__Work request__. Output the listing word for word, minus pictures.

__Recorded information__.
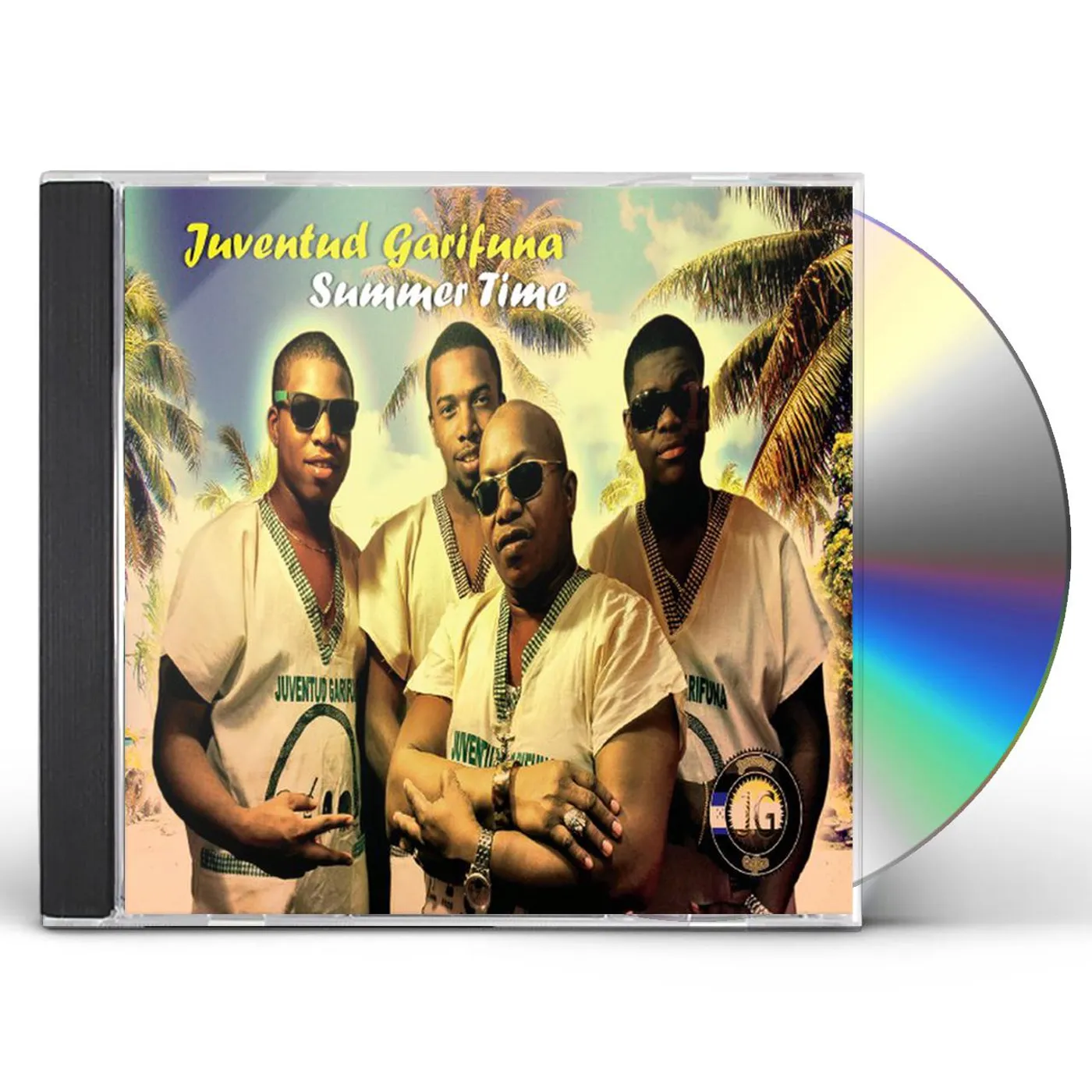 Juventud Garifuna SUMMER TIME CD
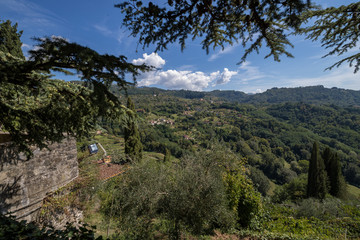 Barga, little village in Tuscany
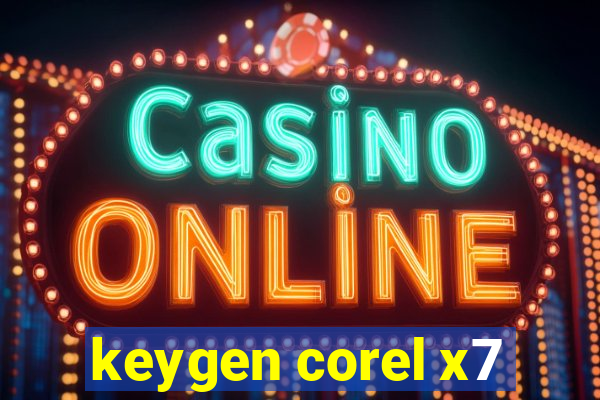 keygen corel x7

__Final answer__.
 Juventud Garifuna SUMMER TIME CD
 Barga, little village in Tuscany
 keygen corel x7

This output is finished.